RECORDS PROVIDED:
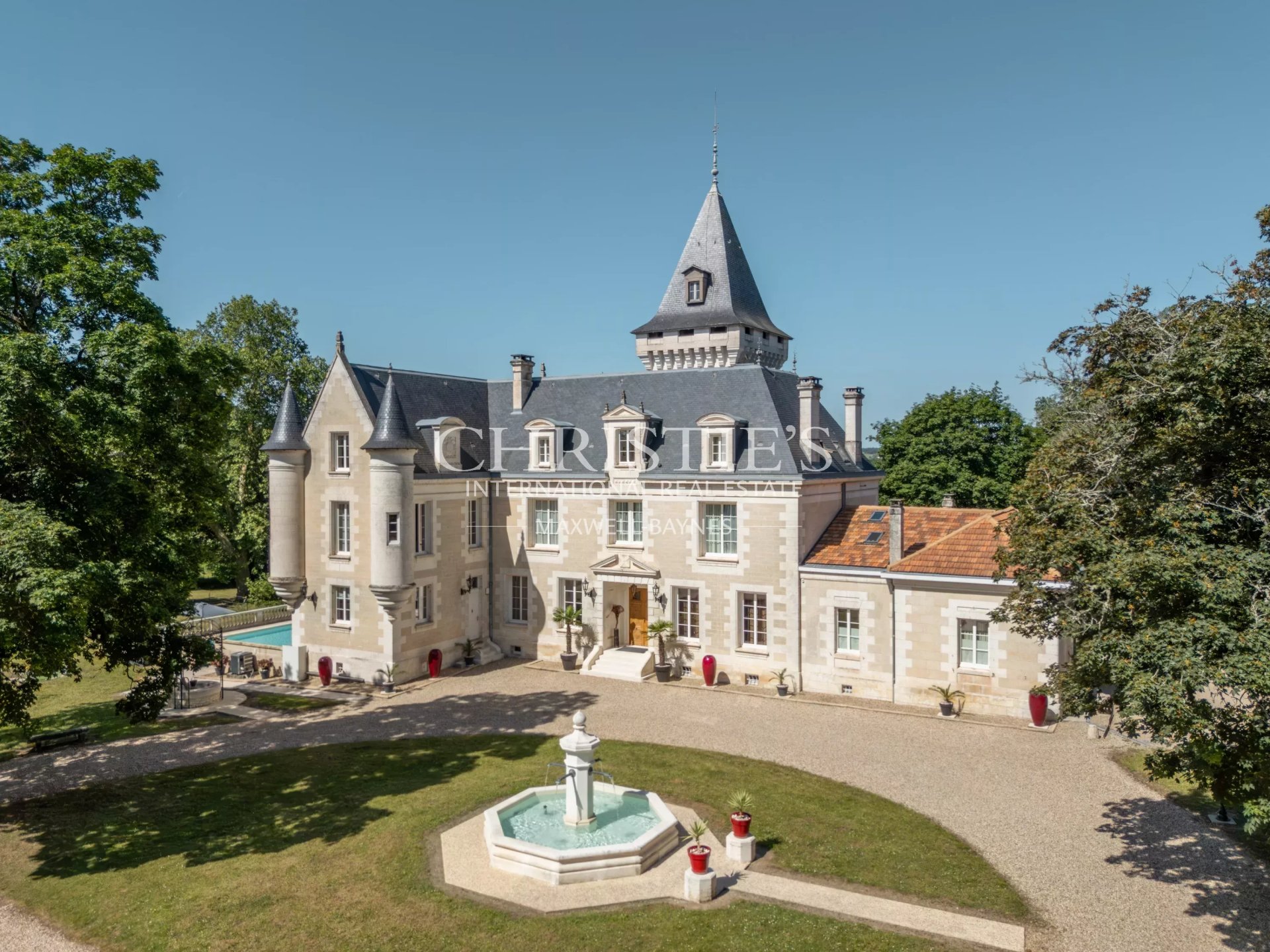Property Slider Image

* * *

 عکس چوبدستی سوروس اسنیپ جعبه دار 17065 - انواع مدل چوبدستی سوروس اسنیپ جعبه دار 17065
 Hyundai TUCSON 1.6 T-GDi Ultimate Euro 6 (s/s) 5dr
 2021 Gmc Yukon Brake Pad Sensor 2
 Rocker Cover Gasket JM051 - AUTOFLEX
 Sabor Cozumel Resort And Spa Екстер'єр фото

* * *

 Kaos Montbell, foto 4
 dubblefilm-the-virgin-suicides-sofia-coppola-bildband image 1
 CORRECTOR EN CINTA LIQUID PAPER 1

PROBLEM DESCRIPTION:
Take the listing above and repeat exactly the lines from the one containing "dubblefilm-the-virgin-suicides-sofia-coppola-bildband image 1" through the one containing "CORRECTOR EN CINTA LIQUID PAPER 1", both included.

YOUR SOLUTION:
 dubblefilm-the-virgin-suicides-sofia-coppola-bildband image 1
 CORRECTOR EN CINTA LIQUID PAPER 1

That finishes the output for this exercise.